Hello Statalist,

1. Problem description

I have a data set that is produced by a data base in the format as in the table below, although this example is simplified. The data data set is outputted in a dataex script below the table. The data set is a result of merging two data sets, data1 and data2. In the example below the variable names show which variable comes from which data set. The two data sets are merged on country.

After I have this data I want to multiply the value in data2_varK with the value of the variable listed in data1_varY. So for country Aland I want to multiply data1_varY with data2_varK (22 * .25), but for Eland I wan to multiply data1_varZ with data2_varK (5 * .5). While most countries will only have the one value I want to use in data1_varX, data1_varY and data1_varZ, there are cases, like Cland in the example, that has multiple values.

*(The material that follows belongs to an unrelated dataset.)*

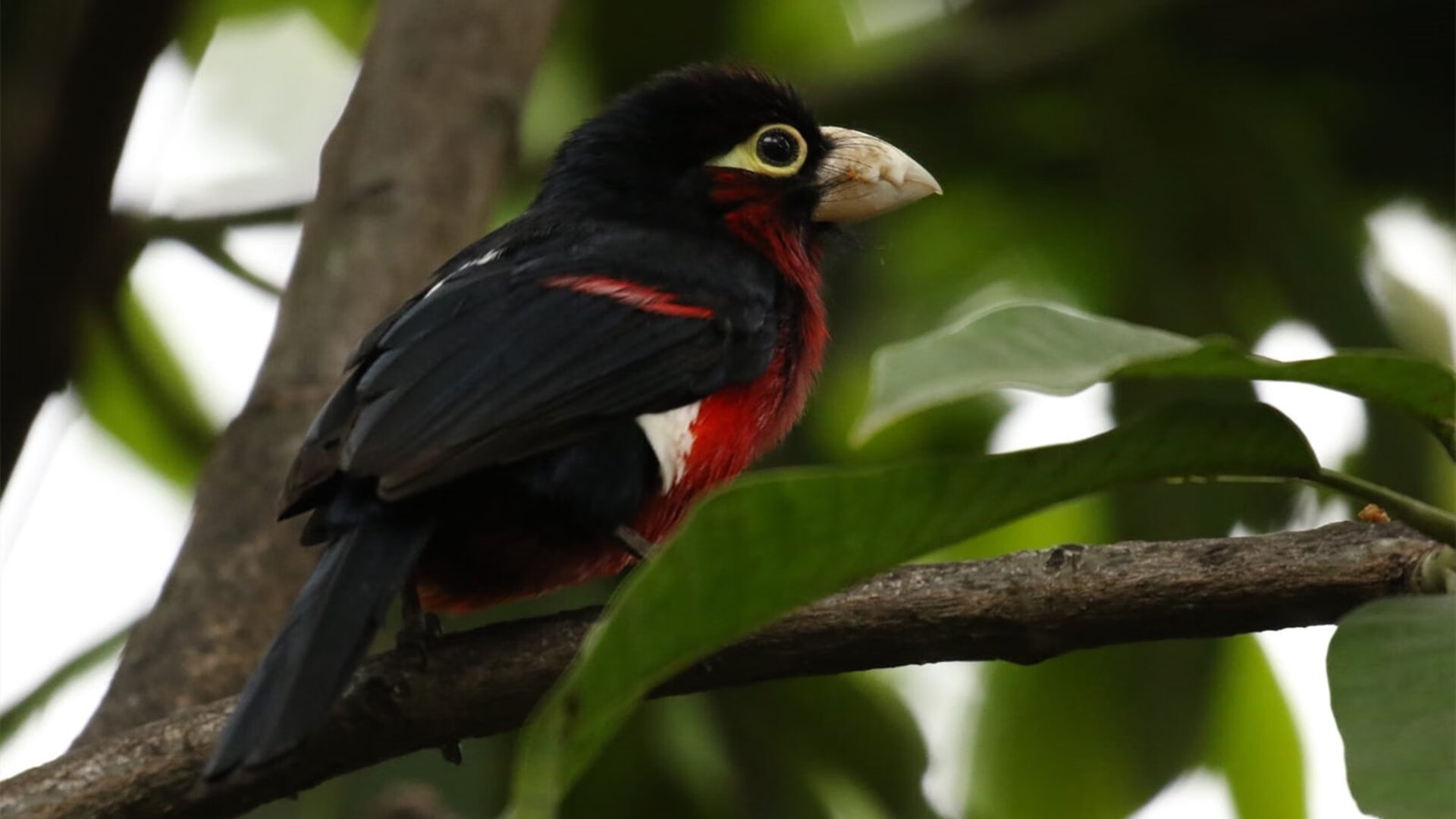 国王加冕之战，一场粉碎不败神话的世界排名争夺战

We want to do this multiple times and sometimes it is not multiplication. It could also be generate a dummy if value in data1_varX, data1_varY or data1_varZ is higher than a cut-off value that also coming from data2.

country data1_varX data1_varY data1_varZ data2_varJ data2_varK
Aland 22 data1_varY .25
Bland 34 data1_varY .75
Cland 15 42 data1_varX .6
Dland 24 data1_varX .85
Eland 34 data1_varZ .75
Fland 5 data1_varZ .5

Code:
* Example generated by -dataex-. To install: ssc install dataex
clear
input str5 country byte(data1_varX data1_varY data1_varZ) str10 data2_varJ double(data2_varK result)
"Aland"  . 22  . "data1_varY" .25  5.5
"Bland"  . 34  . "data1_varY" .75 25.5
"Cland" 15 42  . "data1_varX"  .6    9
"Dland" 24  .  . "data1_varX" .85 20.4
"Eland"  .  . 34 "data1_varZ" .75 25.5
"Fland"  .  .  5 "data1_varZ"  .5  2.5
end
2. What we've tried so far

Test 2a;

Code:
gen result2a =  data2_varK * `=data2_varJ[_n]'
We have tried something like this, but `=data2_varJ[_n]' takes the value of data2_varJ from the first row for all rows. So for all rows the code evaluates to this since data2_varJ in the first row is "data1_varY".

Code:
gen result2a =  data2_varK * data1_varY
Test 2b;

Code:
bys data2_varJ : gen result2b =  data2_varK * `=data2_varJ[_n]'
This has the same result as test 2a. `=data2_varJ[_n]' is evaluated into data1_varY for all rows, like this:

Code:
bys data2_varJ : gen result2b =  data2_varK * data1_varY
Test 2c;

Code:
bys data2_varJ : gen result2c =  data2_varK * `=data2_varJ[1]'
This gave the same result as in 2b.

3. What works but we are concerned will be too slow

Code:
        
gen results3a = .
forvalue obs = 1/`=_N' {
    replace results3a =  data2_varK * `=data2_varJ[`obs']' if _n == `obs'
}
We are so far only piloting this, so this might not be too slow, but we are concerned that it will be. We also would love to be able to solve this on one line as then we can plug it in to the data base so it happens on the fly. Nevertheless, it is good to have this loop-option as an option of last resort in case someone else have a better suggestion.

Thanks,
Kristoffer